--- START ---

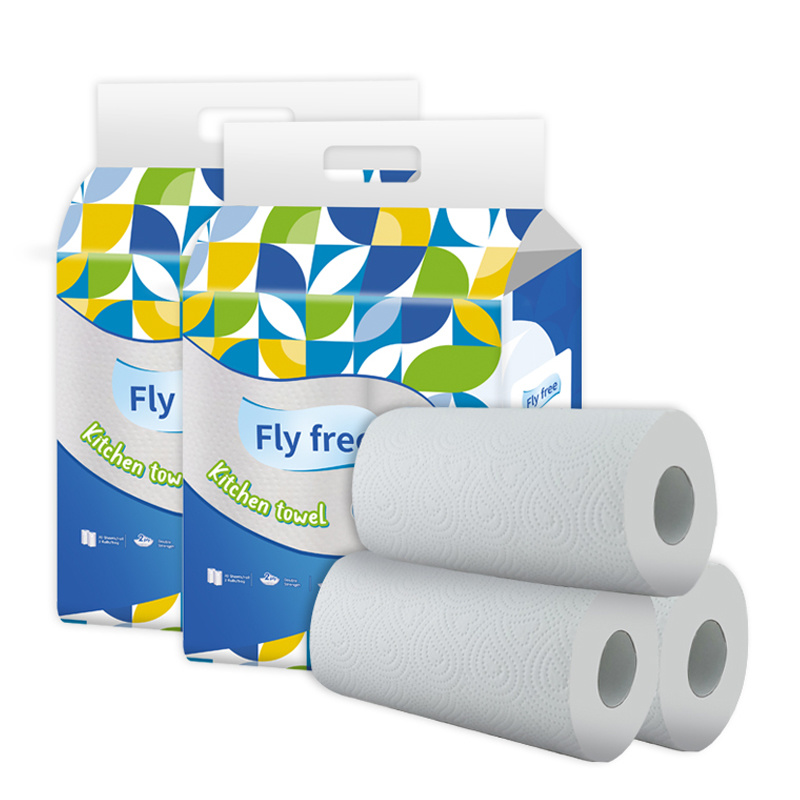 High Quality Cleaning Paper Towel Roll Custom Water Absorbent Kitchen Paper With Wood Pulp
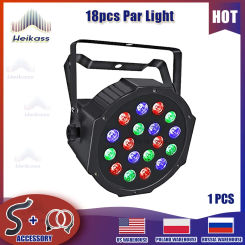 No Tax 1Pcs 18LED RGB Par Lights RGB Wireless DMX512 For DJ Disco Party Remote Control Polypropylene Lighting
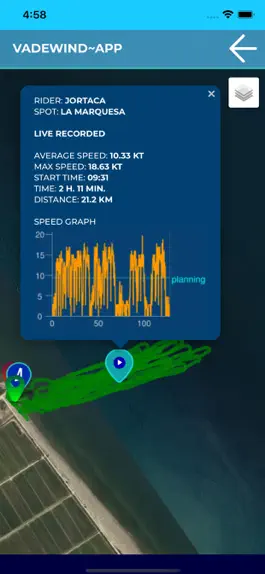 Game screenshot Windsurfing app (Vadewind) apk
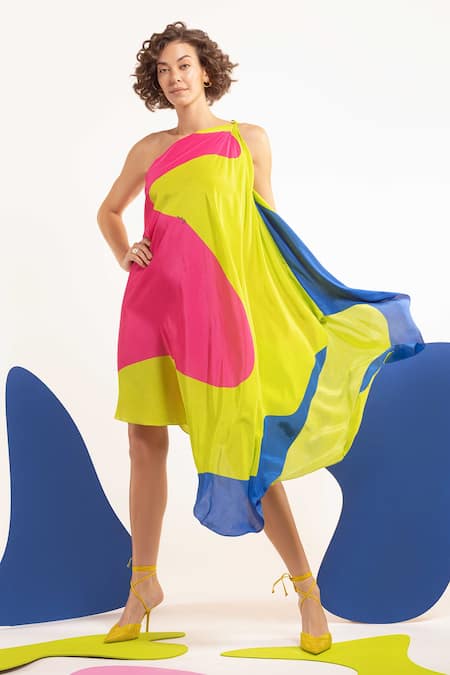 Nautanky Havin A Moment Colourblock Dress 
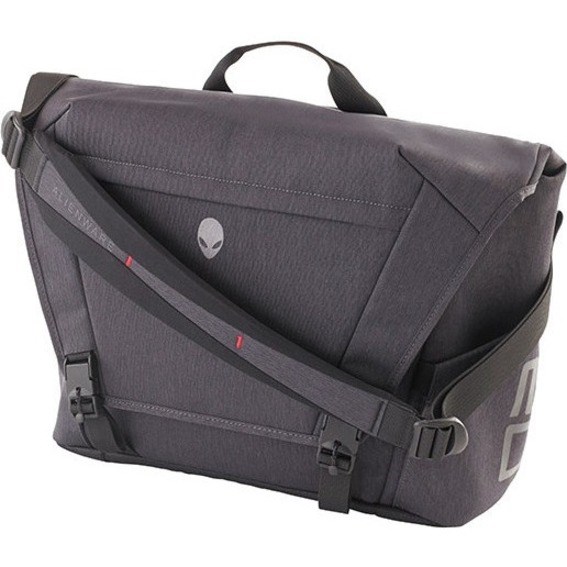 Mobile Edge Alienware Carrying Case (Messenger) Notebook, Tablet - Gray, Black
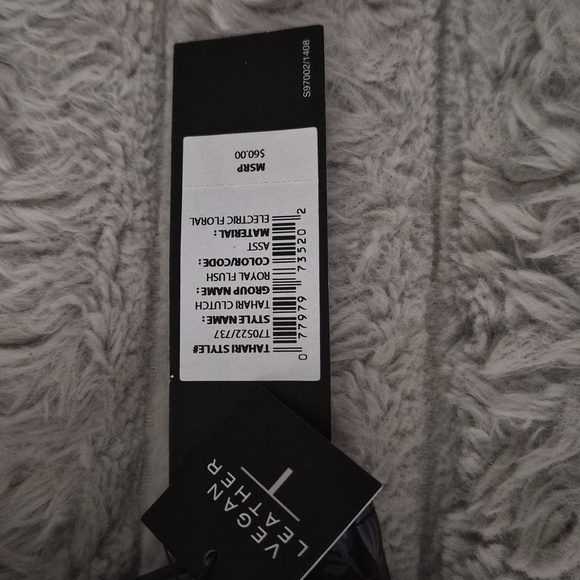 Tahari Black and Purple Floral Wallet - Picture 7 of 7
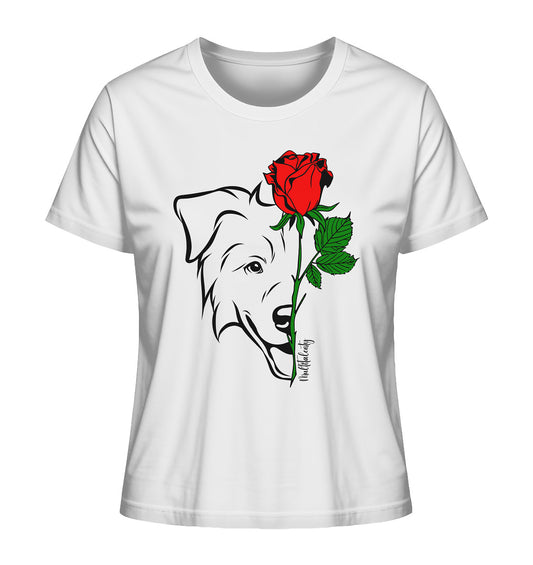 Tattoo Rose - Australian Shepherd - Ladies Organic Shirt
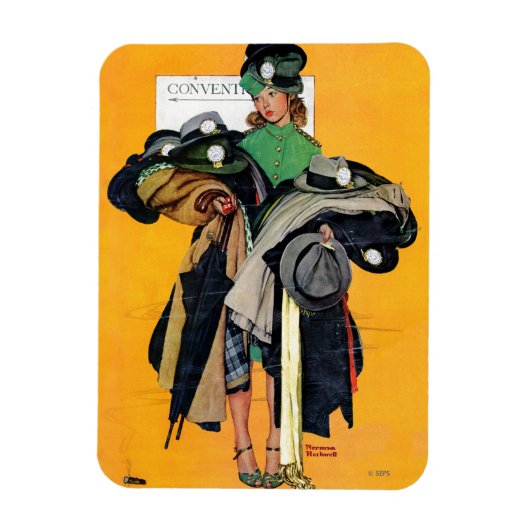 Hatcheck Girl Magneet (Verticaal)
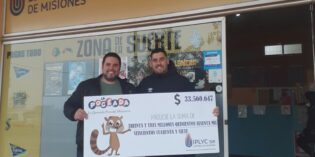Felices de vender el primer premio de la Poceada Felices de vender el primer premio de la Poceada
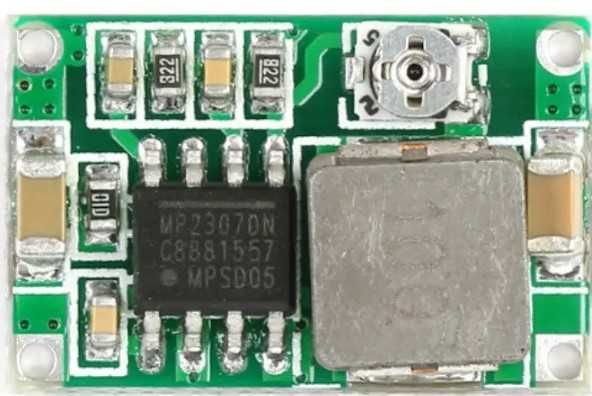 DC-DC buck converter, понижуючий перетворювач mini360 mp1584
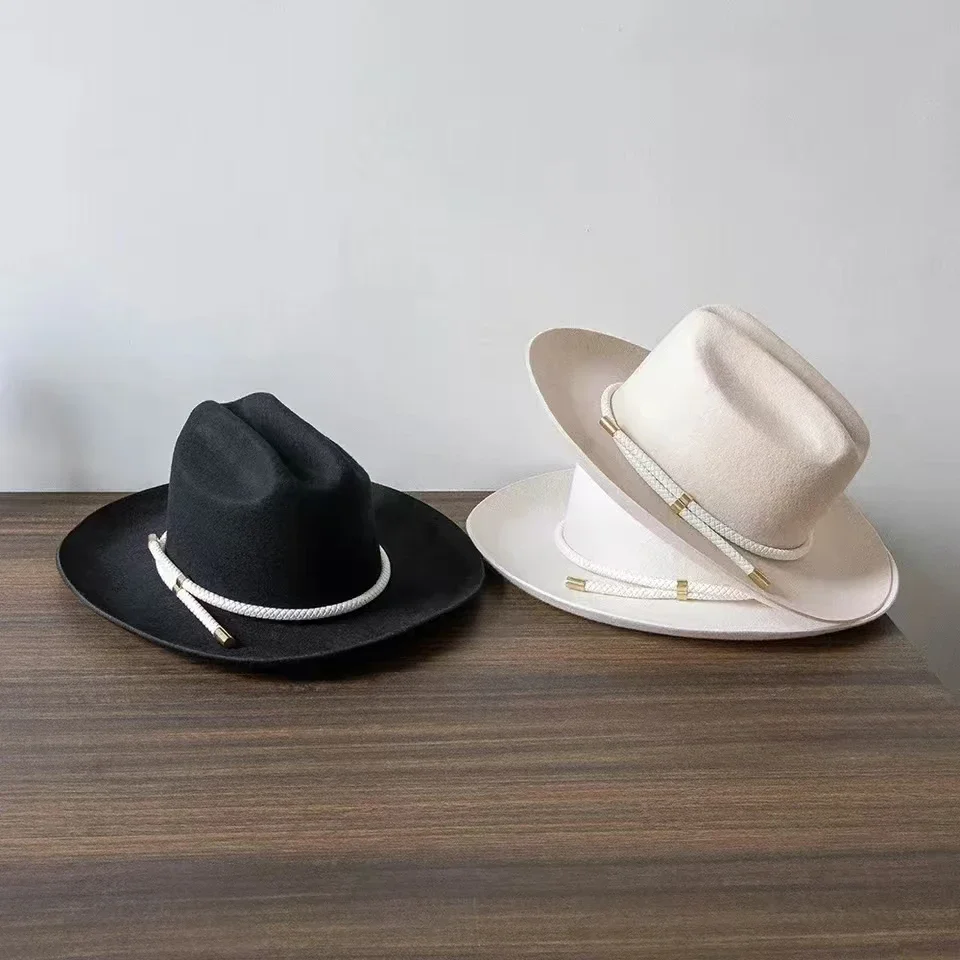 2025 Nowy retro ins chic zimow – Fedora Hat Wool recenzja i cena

--- END ---

EXERCISE PROMPT
Only the pictures should be left out; write out everything else in the records exactly.

RESPONSE AREA
 High Quality Cleaning Paper Towel Roll Custom Water Absorbent Kitchen Paper With Wood Pulp
 No Tax 1Pcs 18LED RGB Par Lights RGB Wireless DMX512 For DJ Disco Party Remote Control Polypropylene Lighting
 Game screenshot Windsurfing app (Vadewind) apk
 Nautanky Havin A Moment Colourblock Dress 
 Mobile Edge Alienware Carrying Case (Messenger) Notebook, Tablet - Gray, Black
 Tahari Black and Purple Floral Wallet - Picture 7 of 7
 Tattoo Rose - Australian Shepherd - Ladies Organic Shirt
 Hatcheck Girl Magneet (Verticaal)
Felices de vender el primer premio de la Poceada Felices de vender el primer premio de la Poceada
 DC-DC buck converter, понижуючий перетворювач mini360 mp1584
 2025 Nowy retro ins chic zimow – Fedora Hat Wool recenzja i cena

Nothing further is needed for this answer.